PROBLEM: Begin at the line containing "Doctor consulting with" in the entries below and end at the line containing "6Pcs Artif. Orchid"; transcribe that range exactly and nothing outside it.

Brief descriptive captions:
- - -
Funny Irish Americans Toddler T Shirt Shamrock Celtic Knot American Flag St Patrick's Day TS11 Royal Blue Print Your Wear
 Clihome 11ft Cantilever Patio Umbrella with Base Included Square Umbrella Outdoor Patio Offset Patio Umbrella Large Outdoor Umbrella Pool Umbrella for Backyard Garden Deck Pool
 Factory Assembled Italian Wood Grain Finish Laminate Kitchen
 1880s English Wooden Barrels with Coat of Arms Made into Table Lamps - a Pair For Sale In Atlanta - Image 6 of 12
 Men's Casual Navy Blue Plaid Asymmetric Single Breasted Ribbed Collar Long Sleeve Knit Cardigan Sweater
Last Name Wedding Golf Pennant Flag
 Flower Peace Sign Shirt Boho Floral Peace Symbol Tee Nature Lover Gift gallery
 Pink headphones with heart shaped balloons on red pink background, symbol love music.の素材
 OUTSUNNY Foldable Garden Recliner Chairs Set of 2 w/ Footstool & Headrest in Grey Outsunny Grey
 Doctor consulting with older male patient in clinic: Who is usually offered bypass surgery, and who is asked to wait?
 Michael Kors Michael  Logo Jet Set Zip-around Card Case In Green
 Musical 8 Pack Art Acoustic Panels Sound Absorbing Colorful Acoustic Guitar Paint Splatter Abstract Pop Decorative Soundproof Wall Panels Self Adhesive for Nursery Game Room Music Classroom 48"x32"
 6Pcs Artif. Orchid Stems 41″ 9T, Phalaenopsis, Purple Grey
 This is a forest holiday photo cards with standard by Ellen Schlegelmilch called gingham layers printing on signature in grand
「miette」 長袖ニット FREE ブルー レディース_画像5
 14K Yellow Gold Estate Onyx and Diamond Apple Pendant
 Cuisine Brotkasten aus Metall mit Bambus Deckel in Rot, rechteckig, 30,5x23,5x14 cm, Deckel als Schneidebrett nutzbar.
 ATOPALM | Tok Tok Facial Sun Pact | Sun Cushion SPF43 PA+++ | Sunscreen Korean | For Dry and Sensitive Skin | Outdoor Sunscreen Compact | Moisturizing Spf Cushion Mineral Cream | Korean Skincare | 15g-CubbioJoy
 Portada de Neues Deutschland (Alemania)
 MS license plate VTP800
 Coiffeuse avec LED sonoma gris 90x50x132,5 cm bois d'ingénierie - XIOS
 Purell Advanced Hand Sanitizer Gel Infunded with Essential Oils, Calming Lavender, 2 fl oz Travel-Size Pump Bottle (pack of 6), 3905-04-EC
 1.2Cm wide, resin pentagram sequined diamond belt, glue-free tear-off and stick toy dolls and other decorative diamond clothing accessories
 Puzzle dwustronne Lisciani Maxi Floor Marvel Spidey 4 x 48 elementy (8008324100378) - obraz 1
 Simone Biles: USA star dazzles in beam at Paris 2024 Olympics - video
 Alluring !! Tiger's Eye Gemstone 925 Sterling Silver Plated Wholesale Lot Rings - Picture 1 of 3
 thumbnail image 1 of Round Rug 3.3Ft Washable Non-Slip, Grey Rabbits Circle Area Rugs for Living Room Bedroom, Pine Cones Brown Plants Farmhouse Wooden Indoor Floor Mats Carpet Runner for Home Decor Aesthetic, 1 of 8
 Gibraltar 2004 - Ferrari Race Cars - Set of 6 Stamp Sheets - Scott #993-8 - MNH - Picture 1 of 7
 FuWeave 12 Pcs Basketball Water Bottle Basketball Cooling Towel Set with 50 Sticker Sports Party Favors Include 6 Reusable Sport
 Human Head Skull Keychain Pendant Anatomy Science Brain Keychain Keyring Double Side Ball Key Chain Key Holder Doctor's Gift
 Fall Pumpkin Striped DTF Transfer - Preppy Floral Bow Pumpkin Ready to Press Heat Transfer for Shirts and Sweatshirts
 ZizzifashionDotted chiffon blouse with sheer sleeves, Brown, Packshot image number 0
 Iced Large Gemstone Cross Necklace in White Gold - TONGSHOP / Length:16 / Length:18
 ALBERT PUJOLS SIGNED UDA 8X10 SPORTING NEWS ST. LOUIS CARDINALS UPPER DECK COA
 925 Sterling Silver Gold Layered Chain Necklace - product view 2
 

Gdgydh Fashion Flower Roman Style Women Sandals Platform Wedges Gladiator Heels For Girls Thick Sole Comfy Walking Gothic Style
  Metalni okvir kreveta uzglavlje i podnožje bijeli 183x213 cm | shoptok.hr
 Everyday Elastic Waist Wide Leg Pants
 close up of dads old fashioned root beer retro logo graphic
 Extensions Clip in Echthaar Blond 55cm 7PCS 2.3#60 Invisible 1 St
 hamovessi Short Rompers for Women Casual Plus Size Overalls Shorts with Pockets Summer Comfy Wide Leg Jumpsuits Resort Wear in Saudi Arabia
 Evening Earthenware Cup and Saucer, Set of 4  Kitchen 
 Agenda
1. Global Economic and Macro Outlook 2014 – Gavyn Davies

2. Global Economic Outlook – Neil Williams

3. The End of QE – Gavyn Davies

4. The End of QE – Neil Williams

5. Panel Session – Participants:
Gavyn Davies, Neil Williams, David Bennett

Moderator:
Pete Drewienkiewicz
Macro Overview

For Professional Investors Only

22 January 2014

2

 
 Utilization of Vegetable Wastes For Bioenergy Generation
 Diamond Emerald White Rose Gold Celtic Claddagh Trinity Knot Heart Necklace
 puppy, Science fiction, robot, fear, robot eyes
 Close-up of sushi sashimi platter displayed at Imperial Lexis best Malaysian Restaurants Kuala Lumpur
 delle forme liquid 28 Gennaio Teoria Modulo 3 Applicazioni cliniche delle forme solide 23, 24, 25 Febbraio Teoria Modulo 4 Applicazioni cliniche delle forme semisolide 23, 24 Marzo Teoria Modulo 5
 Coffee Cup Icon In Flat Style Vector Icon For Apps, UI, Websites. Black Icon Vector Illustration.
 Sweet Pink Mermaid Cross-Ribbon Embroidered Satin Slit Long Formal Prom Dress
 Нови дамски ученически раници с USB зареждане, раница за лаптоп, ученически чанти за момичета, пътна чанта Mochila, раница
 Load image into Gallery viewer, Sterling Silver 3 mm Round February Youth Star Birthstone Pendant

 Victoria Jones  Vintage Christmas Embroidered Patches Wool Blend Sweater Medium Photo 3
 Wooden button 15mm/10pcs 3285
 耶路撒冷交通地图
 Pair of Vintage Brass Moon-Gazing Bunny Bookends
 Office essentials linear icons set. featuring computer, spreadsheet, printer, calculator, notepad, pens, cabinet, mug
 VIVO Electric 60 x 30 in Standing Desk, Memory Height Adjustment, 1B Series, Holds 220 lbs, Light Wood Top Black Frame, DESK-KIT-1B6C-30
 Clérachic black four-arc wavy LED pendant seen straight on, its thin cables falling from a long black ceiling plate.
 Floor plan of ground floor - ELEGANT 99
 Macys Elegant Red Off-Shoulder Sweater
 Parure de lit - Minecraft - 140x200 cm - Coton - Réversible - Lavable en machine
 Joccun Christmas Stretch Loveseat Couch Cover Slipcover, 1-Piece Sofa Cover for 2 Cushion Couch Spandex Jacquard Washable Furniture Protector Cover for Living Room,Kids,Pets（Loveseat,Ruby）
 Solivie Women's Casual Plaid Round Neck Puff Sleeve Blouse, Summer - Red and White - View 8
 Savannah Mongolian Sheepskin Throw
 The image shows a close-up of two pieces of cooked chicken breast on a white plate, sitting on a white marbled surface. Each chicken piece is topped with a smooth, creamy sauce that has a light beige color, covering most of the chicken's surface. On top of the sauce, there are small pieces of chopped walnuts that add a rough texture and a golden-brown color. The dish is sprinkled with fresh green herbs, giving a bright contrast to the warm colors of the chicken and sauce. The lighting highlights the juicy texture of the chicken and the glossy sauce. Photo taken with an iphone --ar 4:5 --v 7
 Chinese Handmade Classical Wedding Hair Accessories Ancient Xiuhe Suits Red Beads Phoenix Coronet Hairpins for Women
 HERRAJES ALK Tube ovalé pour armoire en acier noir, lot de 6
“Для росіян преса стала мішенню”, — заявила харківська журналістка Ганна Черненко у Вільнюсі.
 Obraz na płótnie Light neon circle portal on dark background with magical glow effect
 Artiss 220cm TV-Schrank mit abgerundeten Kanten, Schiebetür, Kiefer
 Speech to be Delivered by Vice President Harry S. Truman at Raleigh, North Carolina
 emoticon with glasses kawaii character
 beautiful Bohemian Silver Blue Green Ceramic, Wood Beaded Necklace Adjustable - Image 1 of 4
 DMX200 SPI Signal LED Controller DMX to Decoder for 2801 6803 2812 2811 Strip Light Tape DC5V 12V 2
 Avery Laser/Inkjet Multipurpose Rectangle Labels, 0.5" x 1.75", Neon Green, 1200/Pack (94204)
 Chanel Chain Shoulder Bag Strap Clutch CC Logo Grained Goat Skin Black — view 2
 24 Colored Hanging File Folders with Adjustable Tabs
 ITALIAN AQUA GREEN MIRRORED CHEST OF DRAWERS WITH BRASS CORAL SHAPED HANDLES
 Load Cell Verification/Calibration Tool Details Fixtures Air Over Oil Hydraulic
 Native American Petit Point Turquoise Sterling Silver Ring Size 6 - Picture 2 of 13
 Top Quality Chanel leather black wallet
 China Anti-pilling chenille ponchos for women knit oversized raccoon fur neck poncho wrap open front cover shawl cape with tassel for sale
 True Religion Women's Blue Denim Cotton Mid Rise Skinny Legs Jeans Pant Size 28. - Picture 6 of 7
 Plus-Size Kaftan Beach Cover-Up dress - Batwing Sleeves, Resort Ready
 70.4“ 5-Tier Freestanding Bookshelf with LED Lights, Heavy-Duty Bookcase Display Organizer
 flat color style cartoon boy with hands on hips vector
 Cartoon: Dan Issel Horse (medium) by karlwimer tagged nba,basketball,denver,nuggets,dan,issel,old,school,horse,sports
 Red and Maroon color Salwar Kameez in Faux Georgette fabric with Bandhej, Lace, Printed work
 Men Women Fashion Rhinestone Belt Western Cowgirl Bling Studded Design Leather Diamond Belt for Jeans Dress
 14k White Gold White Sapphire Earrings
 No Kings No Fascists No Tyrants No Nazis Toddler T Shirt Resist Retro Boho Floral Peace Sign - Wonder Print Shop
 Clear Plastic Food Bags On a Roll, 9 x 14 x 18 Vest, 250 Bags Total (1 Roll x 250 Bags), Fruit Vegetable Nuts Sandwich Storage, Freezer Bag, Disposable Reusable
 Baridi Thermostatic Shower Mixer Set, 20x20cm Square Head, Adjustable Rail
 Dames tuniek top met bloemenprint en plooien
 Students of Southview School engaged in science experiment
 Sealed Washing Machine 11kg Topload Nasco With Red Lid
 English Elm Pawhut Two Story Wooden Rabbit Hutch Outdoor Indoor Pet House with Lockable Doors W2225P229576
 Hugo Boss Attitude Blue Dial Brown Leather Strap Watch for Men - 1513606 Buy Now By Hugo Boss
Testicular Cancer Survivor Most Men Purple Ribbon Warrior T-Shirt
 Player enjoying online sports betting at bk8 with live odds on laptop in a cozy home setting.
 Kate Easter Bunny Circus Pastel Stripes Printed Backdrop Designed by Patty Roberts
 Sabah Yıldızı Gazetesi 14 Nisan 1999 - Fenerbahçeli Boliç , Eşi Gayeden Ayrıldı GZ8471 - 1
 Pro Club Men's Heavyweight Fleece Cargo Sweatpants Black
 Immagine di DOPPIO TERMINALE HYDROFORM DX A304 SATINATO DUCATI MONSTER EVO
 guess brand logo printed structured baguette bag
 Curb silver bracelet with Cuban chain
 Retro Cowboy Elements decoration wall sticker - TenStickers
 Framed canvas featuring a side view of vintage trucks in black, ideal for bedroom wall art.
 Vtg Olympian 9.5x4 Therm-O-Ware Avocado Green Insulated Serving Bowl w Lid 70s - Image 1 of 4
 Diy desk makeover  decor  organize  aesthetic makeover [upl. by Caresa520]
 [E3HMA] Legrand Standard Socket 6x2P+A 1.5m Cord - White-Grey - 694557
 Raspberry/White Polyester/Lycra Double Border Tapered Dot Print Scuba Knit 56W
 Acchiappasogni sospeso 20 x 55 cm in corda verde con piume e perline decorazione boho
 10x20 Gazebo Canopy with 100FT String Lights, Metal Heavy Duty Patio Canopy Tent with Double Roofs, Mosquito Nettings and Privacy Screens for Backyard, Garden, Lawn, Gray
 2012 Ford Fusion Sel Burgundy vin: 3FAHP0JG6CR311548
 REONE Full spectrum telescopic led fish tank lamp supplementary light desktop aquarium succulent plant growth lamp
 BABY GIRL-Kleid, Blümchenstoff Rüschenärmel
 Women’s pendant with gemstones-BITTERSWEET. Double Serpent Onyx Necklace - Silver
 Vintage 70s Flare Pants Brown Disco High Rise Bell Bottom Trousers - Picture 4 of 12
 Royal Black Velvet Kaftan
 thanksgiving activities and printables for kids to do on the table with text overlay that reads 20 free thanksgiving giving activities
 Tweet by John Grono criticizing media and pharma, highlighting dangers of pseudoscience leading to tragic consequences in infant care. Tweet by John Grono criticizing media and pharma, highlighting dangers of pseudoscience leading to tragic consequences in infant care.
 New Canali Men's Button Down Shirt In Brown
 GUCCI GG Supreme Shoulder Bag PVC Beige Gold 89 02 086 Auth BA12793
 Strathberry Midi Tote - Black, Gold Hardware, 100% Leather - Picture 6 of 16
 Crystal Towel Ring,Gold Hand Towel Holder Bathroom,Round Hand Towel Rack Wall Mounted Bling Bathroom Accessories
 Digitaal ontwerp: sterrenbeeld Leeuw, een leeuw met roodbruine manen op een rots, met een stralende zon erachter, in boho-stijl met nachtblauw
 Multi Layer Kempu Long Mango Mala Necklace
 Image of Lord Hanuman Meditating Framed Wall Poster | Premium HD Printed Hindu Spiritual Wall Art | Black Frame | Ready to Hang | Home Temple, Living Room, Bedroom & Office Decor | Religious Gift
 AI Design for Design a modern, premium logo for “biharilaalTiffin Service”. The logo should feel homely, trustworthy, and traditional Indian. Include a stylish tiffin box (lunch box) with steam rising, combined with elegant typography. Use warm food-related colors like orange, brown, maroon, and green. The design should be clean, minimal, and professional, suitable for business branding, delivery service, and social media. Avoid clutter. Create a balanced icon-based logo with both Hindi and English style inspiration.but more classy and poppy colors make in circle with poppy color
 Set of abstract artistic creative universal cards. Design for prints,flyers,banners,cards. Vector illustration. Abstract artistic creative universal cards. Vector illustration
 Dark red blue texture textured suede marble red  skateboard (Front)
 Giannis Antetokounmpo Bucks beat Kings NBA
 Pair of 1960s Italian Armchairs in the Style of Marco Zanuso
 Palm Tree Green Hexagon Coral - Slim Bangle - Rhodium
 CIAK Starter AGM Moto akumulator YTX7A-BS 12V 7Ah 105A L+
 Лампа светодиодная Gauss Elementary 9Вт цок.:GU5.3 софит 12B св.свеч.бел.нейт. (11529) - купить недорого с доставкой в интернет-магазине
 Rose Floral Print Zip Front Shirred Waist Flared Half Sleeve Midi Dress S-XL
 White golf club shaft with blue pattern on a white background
- - -
ANSWER FOR THE TASK:
 Doctor consulting with older male patient in clinic: Who is usually offered bypass surgery, and who is asked to wait?
 Michael Kors Michael  Logo Jet Set Zip-around Card Case In Green
 Musical 8 Pack Art Acoustic Panels Sound Absorbing Colorful Acoustic Guitar Paint Splatter Abstract Pop Decorative Soundproof Wall Panels Self Adhesive for Nursery Game Room Music Classroom 48"x32"
 6Pcs Artif. Orchid Stems 41″ 9T, Phalaenopsis, Purple Grey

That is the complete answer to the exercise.